Life did not give Trafford author Bill King much, especially during his childhood. But instead of caving in and being content with merely existing rather than actually living, King defied the odds and reached heights few thought he was capable of—arguably the highest of which was his election to both the Alabama House of Representatives and the Alabama Senate back in the 1970s.

Later on, he burnished his legacy by publishing a book with Trafford entitled Hack, which is a novel that takes the well-known evolutionary phrase “survival of the fittest” and applies it to characters curiously named after several of his real-life friends back in Alabama: “Hack,” “One Lung,” “Woosie,” “Snake” and “Poolroom.”

Set in the 1950s following the difficult era that came after the Depression in the cotton mill villages of Alabama, the story speaks of the crazy adventures of the aforementioned characters—from jumping off the Tennessee River Bridge to climbing the tower to the mill’s shift change siren. Published back in 2007, the book is getting a renewed push this year.

But before Mr. King could ever get to publishing a book, he had to hurdle several roadblocks that life set before his path. And even early on, there were already plenty, including being left behind by his drunk stepfather with an African American bootlegger named Kathrin.

“I was born in a cotton mill village boarding house in Huntsville, Alabama. Most of my early years were spent on the dirt streets and alleys of the village,” shared Mr. King. “My father died when I was nine and my mother remarried. My stepfather on a Saturday morning dropped me off at a black female bootlegger’s place and promised to pick me up in a couple of hours. He didn’t show up for three days, and she wouldn’t let me go with him because he was drunk!”

Three months later, Mr. King’s father came back for him, but still the little sprite wouldn’t go and stayed with Kathrin until he finally moved to live with his grandmother during his adolescence—a time marked with mischief.

“My early teen years with my mill village buddies were wild. We hung out in the village poolroom and hitchhiked to the Tennessee River where we swam naked. We ganged up on guys from the Lincoln Mill village if we caught them in our territory. We had rock battles with the Lincoln Village across the railroad tracks that separated the two villages. One of our guys lost an eye in the battles,” Mr. King narrated.

Unbeknownst to many of his chums, Mr. King had aspirations to make something out of himself and took steps in that direction when, at 17, he joined the Air Force and was sent to Bowling Green State University in Ohio. Not long after he was discharged from service, Mr. King continued his studies and finished while laying down sewer lines across Tennessee.

His confidence bolstered and morale high, Mr. King started and developed his own management and development company with clients all across Alabama, Tennessee, Georgia, and Florida.

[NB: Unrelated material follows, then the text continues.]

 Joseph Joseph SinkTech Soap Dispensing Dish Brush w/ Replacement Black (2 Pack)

To hammer home the point that he was a man bred for success, Mr. King racked up one prestigious award after another, being selected as one of the Four Outstanding Young Men of Alabama in 1968. He was also the chairman of the Jimmy Carter’s presidential campaign in Alabama in 1978 and was subsequently appointed by the president himself to the President’s Advisory Commission on Intergovernmental Relations.

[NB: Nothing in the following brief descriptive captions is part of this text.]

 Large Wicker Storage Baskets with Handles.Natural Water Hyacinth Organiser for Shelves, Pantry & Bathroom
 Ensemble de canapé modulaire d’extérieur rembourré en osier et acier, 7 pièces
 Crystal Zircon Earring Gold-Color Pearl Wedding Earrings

That’s not all. Mr. King was also the awarded with the Thomas Jefferson Award by the Alabama Press Association and was named as the state’s Conservationist of the Year back in 1974.

And while Mr. King may have had his share of victories in the boardroom, he has also had his fill of the outdoor life with his adventures, ranging from scuba diving to bungee jumping and even skydiving.

Let him tell you one of his misadventures during a deep-sea diving expedition in the Atlantic: “I am a certified scuba diver and on one of my dives at a diving location called Tonge of the Ocean which was an underwater cliff in the Atlantic about two miles deep, I went off the boat and straight down, so excited about the dive location that I forgot to adjust my eardrums on the way down. My left eardrum exploded and I lost consciousness but somehow made it to the surface. Some divers helped my get on the boat. I now have a hearing aid for my left ear!”

Or that of his travails during one particular skydiving jump: “One of my favorite past times was skydiving. I had made more than thirty dives when I lost it. My diving group was diving at a rural airport in Clanton, Alabama. I was soaring across the sky with my wings out when I decided to open my chute and land. As I was crossing the airport landing strip, I heard a noise and looked down between my legs to see a small plane taking off. It was right under me and the power of the plane’s propeller had me swinging back and forth under my chute. I had swung almost to the height of my chute when I came down on the runway. My chute dragged me another fifty yards on the runway and ripped off my clothes, smashed my helmet instead of my skull and knocked me unconscious. It took me two weeks soaking in a tub of hot water to get moving again!”

Or even with his near brush with death on a bungee jumping escapade: “I was on the top of a one hundred and twenty-five foot tower getting prepared to go over the side. Two guys were on the platform with me. They were strapping me in the harness and chatting about the beautiful weather when one of the shouted ‘OK!’ I was leaning over the edge of the tower about to jump when one of them grabbed me by the harness. I was not connected to the bungee cord and would have been gone—literally, if he had not grabbed me. He was saying ‘OK’ to his friend and not telling me to jump. I had a great jump and lived to tell about it!”

Like his life in general, Mr. King has had one too many close calls. But through it all, with equal parts resilience and perseverance, he has managed to stand up every single time and shout this to the rest of the world: “I have never had a broken bone!”